- _Required work_:
Records follow. Print exactly the lines from the one that has "Жіночі тапочки з" through the one that has "Choose Conversion Action", inclusive, and omit the pictures.

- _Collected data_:
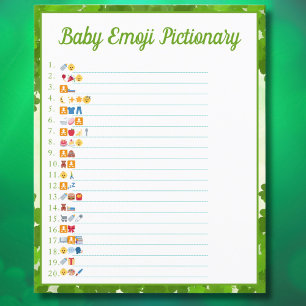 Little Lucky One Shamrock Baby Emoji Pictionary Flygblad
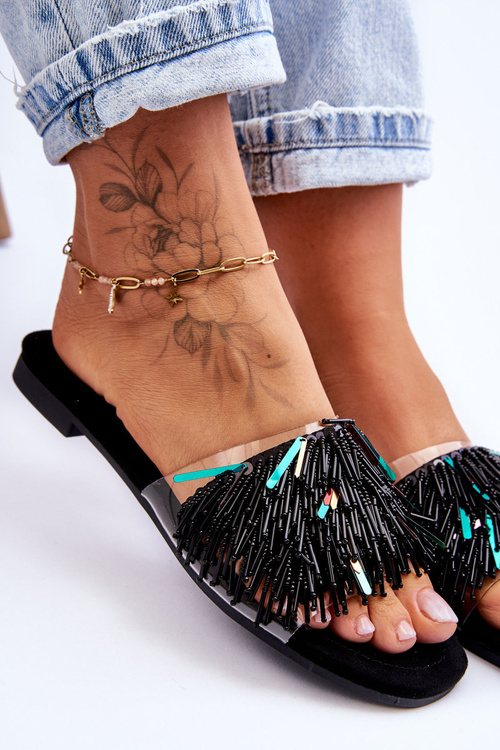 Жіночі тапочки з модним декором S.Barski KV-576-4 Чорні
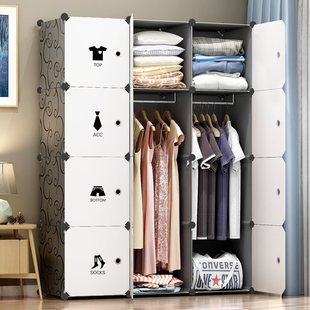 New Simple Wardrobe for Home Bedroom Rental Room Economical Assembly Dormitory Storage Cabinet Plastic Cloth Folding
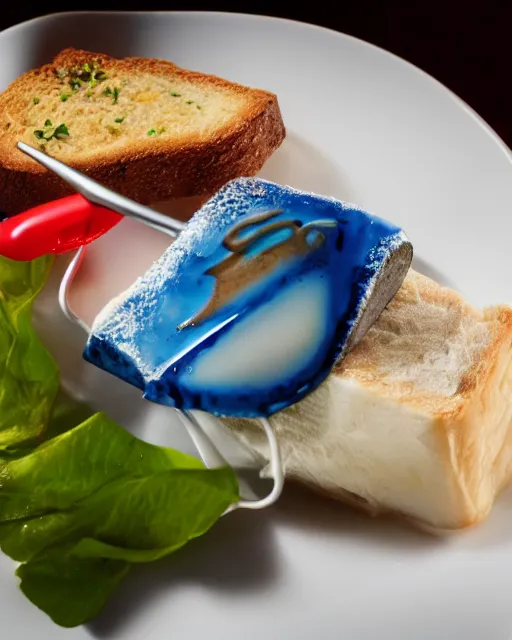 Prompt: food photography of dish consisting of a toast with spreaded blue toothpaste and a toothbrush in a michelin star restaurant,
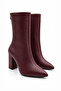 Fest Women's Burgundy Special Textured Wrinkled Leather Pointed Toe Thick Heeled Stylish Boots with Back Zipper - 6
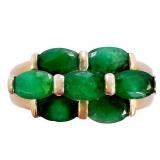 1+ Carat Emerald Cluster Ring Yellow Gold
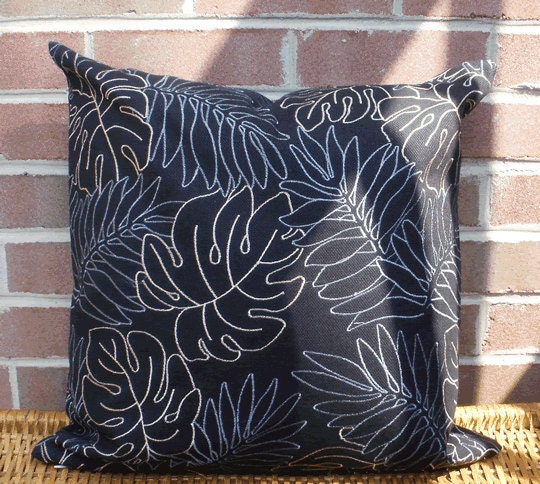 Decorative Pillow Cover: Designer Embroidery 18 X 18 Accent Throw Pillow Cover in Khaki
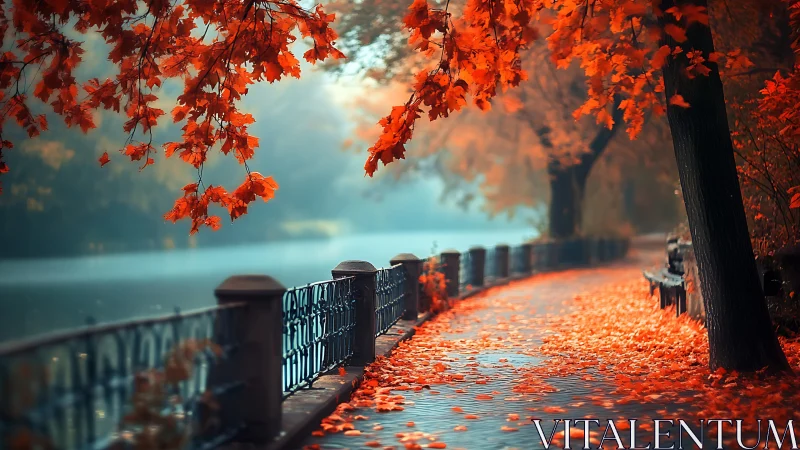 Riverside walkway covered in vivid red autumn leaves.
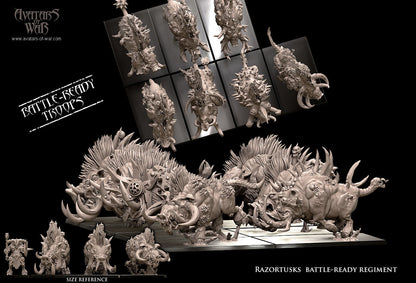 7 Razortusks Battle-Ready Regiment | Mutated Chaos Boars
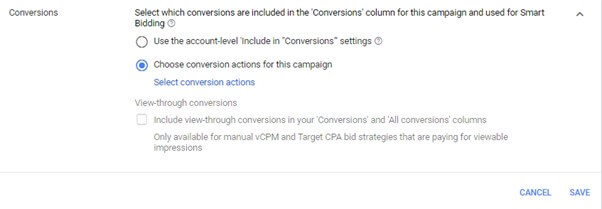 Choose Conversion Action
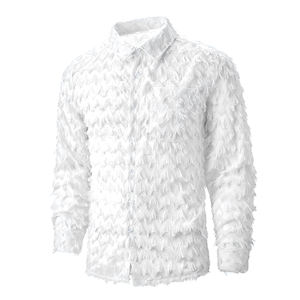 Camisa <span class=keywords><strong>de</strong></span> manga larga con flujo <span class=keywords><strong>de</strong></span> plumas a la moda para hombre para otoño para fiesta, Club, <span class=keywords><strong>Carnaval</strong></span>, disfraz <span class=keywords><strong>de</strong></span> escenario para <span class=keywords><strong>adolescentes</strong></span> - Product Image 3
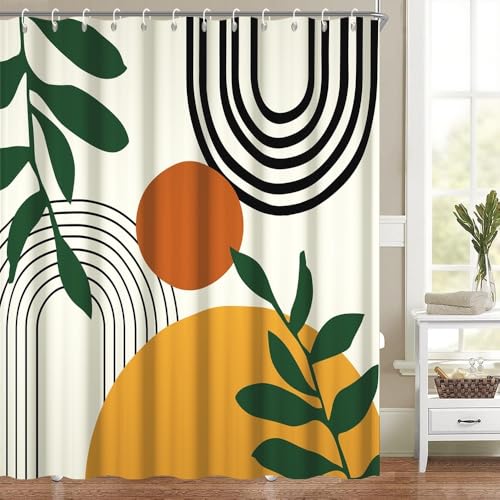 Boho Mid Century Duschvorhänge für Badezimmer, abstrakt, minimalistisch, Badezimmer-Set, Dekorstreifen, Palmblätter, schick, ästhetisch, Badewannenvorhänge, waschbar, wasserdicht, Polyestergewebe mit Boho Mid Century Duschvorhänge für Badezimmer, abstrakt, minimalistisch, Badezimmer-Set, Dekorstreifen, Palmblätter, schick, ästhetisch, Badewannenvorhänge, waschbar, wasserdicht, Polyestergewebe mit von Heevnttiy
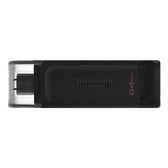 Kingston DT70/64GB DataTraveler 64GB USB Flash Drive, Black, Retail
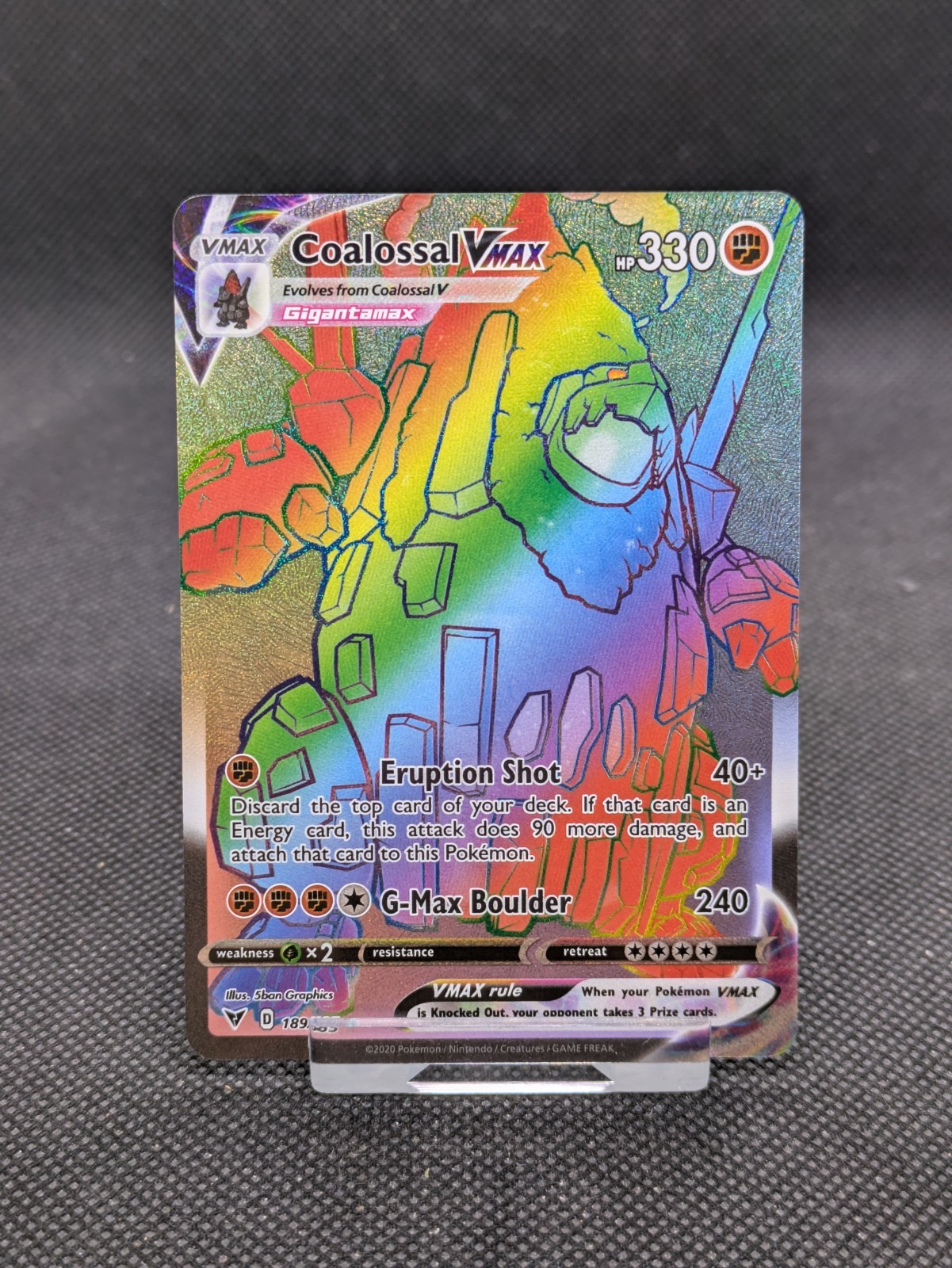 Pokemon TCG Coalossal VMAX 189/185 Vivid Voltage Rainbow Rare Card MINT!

- _Solution below_:
 Жіночі тапочки з модним декором S.Barski KV-576-4 Чорні
 New Simple Wardrobe for Home Bedroom Rental Room Economical Assembly Dormitory Storage Cabinet Plastic Cloth Folding
 Prompt: food photography of dish consisting of a toast with spreaded blue toothpaste and a toothbrush in a michelin star restaurant,
 Fest Women's Burgundy Special Textured Wrinkled Leather Pointed Toe Thick Heeled Stylish Boots with Back Zipper - 6
 1+ Carat Emerald Cluster Ring Yellow Gold
 Decorative Pillow Cover: Designer Embroidery 18 X 18 Accent Throw Pillow Cover in Khaki
 Riverside walkway covered in vivid red autumn leaves.
 7 Razortusks Battle-Ready Regiment | Mutated Chaos Boars
 Choose Conversion Action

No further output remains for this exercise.